Records for the task
------

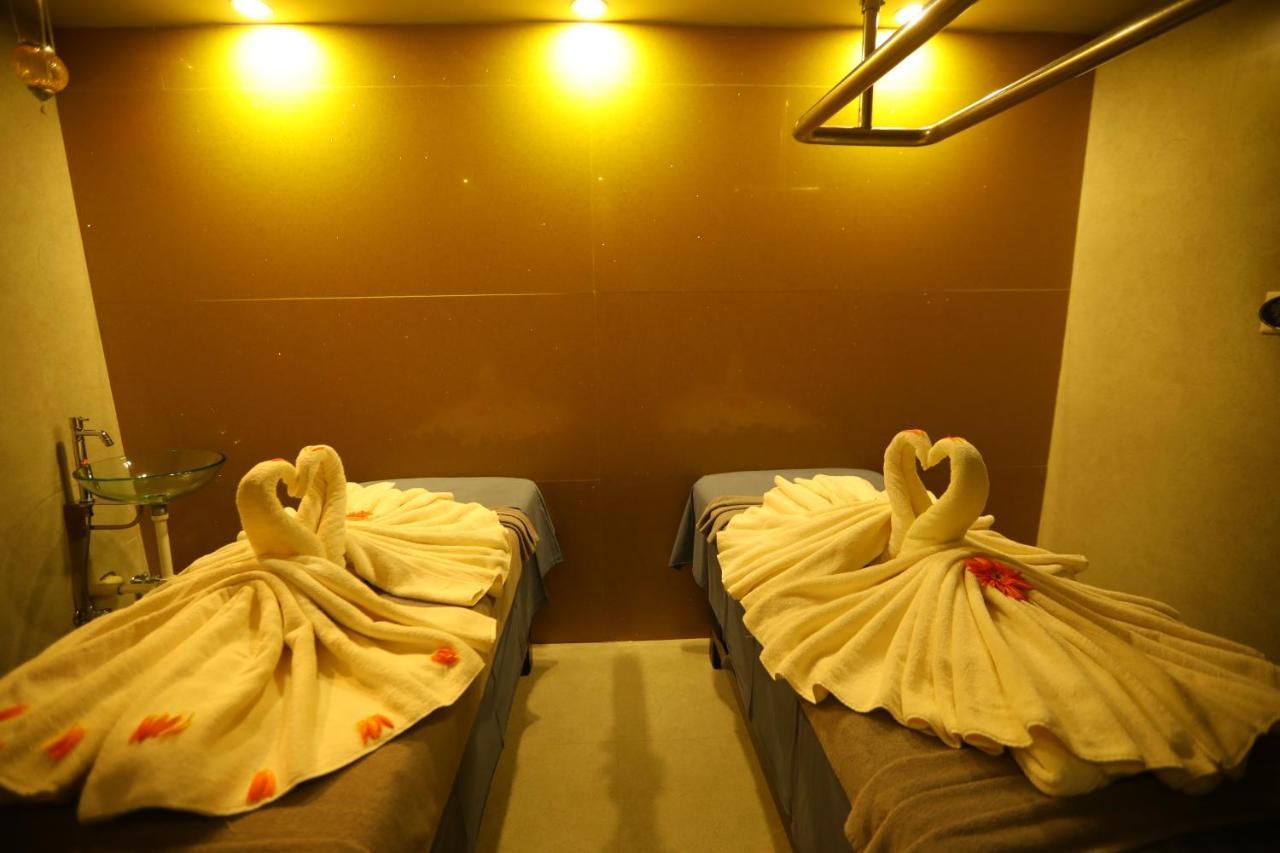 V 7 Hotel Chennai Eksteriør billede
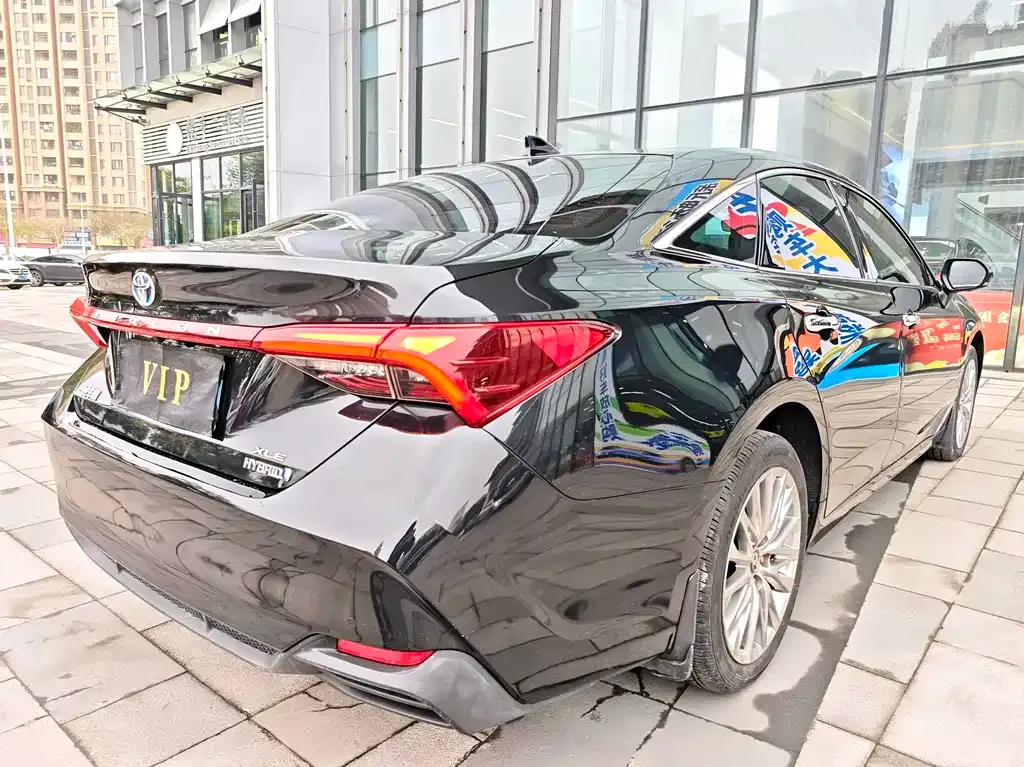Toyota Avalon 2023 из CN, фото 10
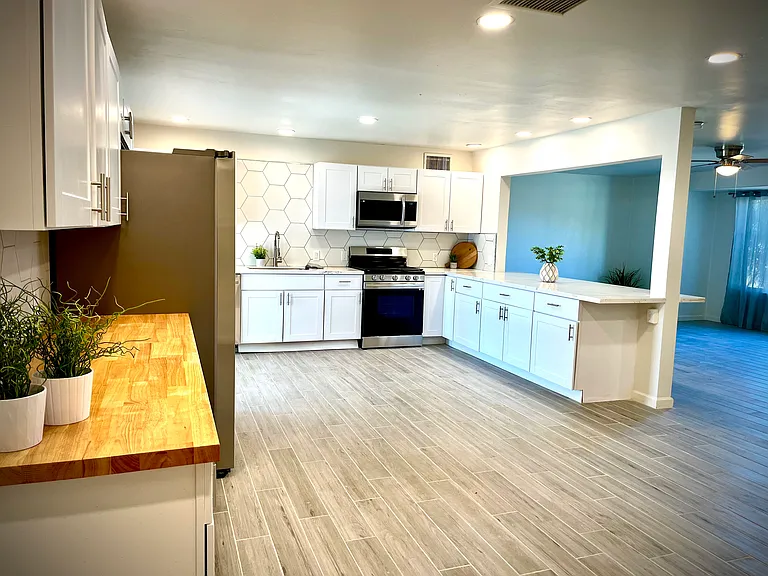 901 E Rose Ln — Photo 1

------

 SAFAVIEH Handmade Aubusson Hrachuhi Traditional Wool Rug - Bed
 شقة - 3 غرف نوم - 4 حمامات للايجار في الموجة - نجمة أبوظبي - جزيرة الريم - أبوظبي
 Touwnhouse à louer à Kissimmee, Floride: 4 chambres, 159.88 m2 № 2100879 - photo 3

------

Exercise brief
Here the job is to copy the listing above word for word, starting at the line with "Toyota Avalon 2023 из CN, фото 10" and ending at the line with "901 E Rose Ln — Photo 1", and to leave out the pictures.

Exercise response
Toyota Avalon 2023 из CN, фото 10
 901 E Rose Ln — Photo 1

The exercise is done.